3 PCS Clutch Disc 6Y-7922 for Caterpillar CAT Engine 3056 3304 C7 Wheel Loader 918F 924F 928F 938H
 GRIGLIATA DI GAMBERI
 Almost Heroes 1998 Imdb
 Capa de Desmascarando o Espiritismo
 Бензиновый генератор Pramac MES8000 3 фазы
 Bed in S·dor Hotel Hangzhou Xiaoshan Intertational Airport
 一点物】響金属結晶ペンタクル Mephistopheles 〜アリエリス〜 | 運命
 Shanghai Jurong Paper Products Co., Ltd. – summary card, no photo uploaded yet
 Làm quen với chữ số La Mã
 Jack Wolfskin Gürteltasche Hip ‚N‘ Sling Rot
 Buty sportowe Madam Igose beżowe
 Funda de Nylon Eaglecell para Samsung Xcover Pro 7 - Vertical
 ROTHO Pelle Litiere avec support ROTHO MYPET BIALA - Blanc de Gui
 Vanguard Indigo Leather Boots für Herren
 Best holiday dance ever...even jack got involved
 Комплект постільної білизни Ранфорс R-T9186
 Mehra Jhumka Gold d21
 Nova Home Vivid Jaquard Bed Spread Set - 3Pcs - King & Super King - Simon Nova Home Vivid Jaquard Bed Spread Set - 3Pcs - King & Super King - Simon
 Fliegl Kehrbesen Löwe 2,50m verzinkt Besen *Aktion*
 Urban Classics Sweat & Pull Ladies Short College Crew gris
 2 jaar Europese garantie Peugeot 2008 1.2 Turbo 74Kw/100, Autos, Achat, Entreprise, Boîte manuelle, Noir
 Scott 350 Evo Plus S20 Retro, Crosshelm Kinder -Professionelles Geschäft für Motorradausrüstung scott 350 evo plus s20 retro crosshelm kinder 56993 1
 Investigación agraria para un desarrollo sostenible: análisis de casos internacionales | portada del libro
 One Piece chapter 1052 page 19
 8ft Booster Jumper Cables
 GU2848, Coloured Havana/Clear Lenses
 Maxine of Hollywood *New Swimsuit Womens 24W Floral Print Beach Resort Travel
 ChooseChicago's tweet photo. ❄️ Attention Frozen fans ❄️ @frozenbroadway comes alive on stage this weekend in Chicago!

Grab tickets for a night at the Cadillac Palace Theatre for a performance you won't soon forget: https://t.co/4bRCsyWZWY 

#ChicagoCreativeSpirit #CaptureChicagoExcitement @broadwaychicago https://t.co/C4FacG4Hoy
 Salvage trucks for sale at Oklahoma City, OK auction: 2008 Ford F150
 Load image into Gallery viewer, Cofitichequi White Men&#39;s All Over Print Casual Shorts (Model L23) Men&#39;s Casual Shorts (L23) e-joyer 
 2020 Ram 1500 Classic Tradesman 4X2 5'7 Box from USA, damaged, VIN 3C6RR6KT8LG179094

--------

For this exercise, output exactly the lines above from the line with "Capa de Desmascarando o Espiritismo" to the line with "Shanghai Jurong Paper", counting both, and leave out the rest.

 Capa de Desmascarando o Espiritismo
 Бензиновый генератор Pramac MES8000 3 фазы
 Bed in S·dor Hotel Hangzhou Xiaoshan Intertational Airport
 一点物】響金属結晶ペンタクル Mephistopheles 〜アリエリス〜 | 運命
 Shanghai Jurong Paper Products Co., Ltd. – summary card, no photo uploaded yet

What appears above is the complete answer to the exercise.